Cisco Systems Inc. reached an $8.6 million settlement Wednesday in a whistleblower suit alleging the technology company knowingly misled customers about the security of its video surveillance products.
That settlement will be divided among 16 U.S. states, including San Jose-based Cisco’s home state California, the U.S. federal government and the whistleblower who raised concerns.
The settlement covers government purchases of Cisco’s Video Surveillance Manager product. Plaintiffs in the qui tam suit allege the product had “several critical security flaws,” allowing hackers to possibly access user passwords and system data, delete video feeds or gain permanent administrator access.
A representative from Cisco said there was “no allegation or evidence that any unauthorized access to customers’ video occurred as a result of the architecture.” Cisco stopped selling the software in 2014.

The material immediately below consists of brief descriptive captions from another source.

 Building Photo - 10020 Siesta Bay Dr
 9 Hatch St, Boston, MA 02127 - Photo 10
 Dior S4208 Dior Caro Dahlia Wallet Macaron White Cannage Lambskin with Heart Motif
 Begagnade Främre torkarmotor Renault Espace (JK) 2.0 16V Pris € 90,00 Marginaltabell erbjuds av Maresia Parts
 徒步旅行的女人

“We are pleased to have resolved a 2011 dispute involving the architecture of a video security technology product we added to our portfolio through the Broadware acquisition in 2007,” the representative said in an email.
The suit was brought by James Glenn, a former Denmark-based employee of Cisco partner company Net Design, who said he alerted Cisco to security flaws in their surveillance product in October 2008. According to the complaint, Glenn was “fired shortly after disclosing his concerns to Cisco and his employer.”

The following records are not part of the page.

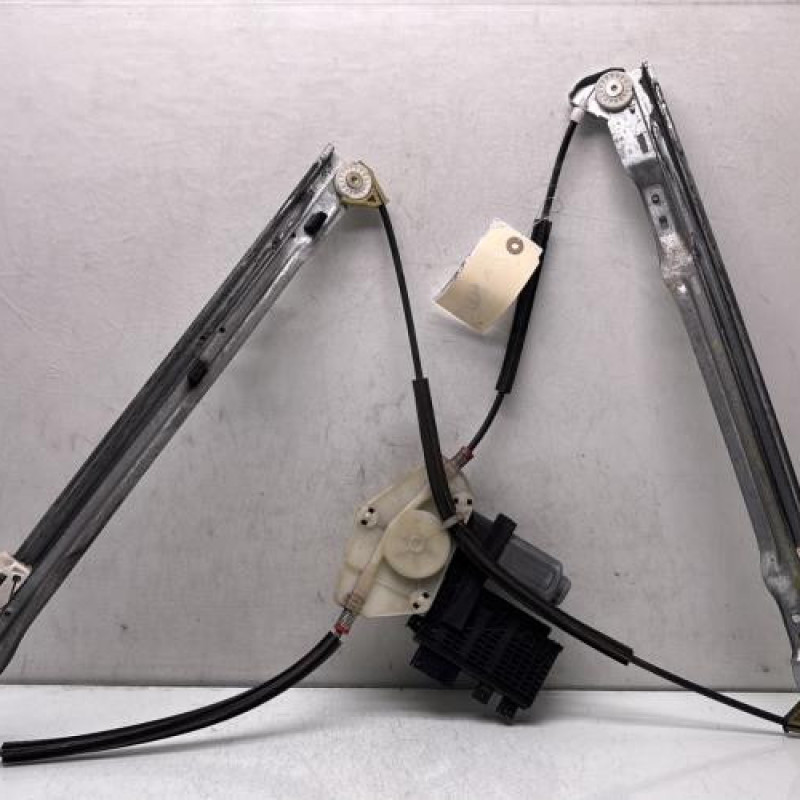 Leve vitre electrique avant gauche CITROEN C4 GRAND PICASSO 1 Photo n°1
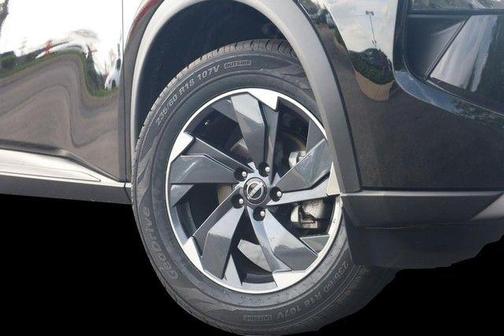 Super Black 2025 Nissan Rogue SV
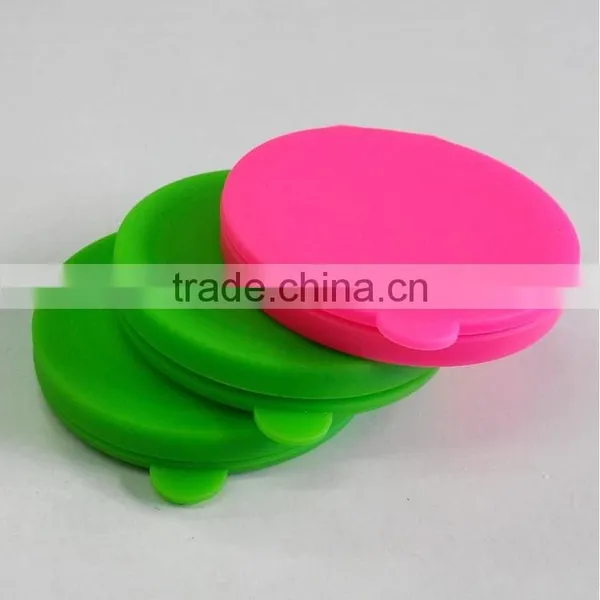 Facotory Custom Double Face Foldable Round Silicone Cosmetic Mirror photo-2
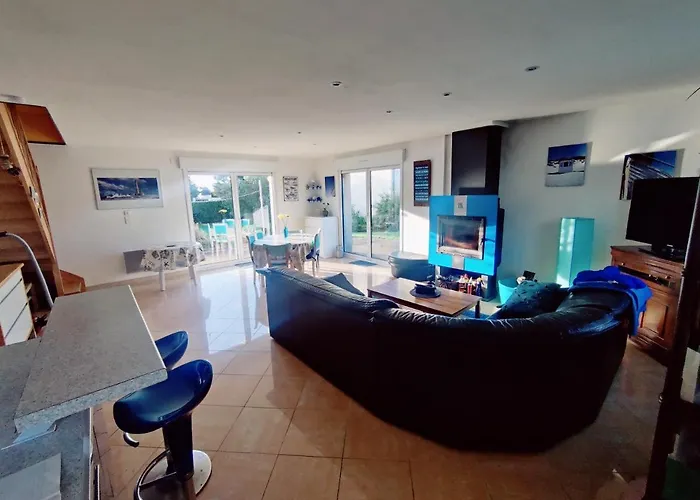 Maison A 400 M De La *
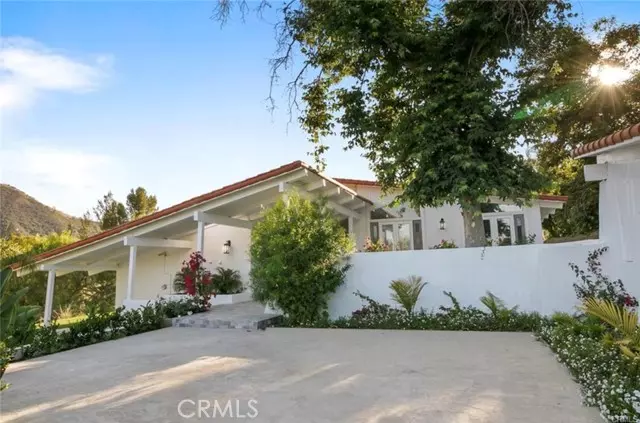 10 Stagecoach Road, Bell Canyon, CA 91307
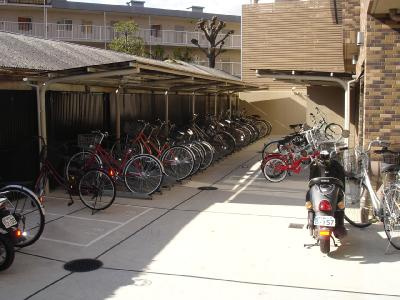 アスヴェル京都外大前の駐車場|駐輪場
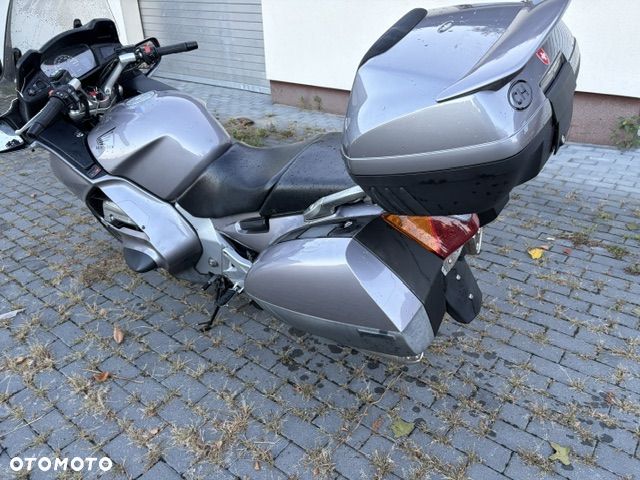 Honda ST - 8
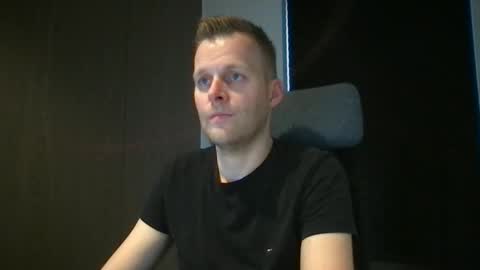 Max take off clothes online show from 01/23/25, 08:04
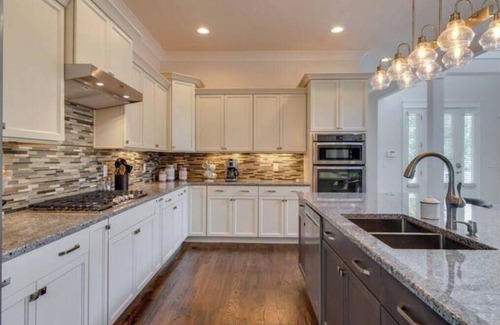 Shelby Hills Casa | 3mn to everything Nashville! Comfortably sleeps 12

After his firing, Glenn continued to monitor Cisco’s surveillance flaws, concerned that government purchasers were at risk, according to the suit filed the suit in the U.S. District Court for the Western District of New York.

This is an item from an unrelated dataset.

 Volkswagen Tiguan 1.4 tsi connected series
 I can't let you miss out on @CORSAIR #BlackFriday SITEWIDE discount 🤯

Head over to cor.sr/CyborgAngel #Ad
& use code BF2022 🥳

“I was very concerned about the possibility that someone might endanger public safety by hacking into government systems,” Glenn said in a press release Wednesday. “I filed the qui tam lawsuit to make the government aware of the problem and to get it fixed. I am glad that Cisco replaced the affected product and that the case has been settled.”
Glenn was represented by counsel from Phillips & Cohen, including partner Claire Sylvia. Attorneys from the U.S. Department of Justice, New York State Attorney General’s office and Taxpayer Protection Bureau also worked on the case.
“Cybersecurity products are an important piece of government spending these days, and it’s essential that those products comply with critical regulatory and contractual requirements,” Sylvia said in a press release. “The tech industry can expect whistleblowers to continue to step forward when serious problems are ignored, thanks to laws that reward and protect them.”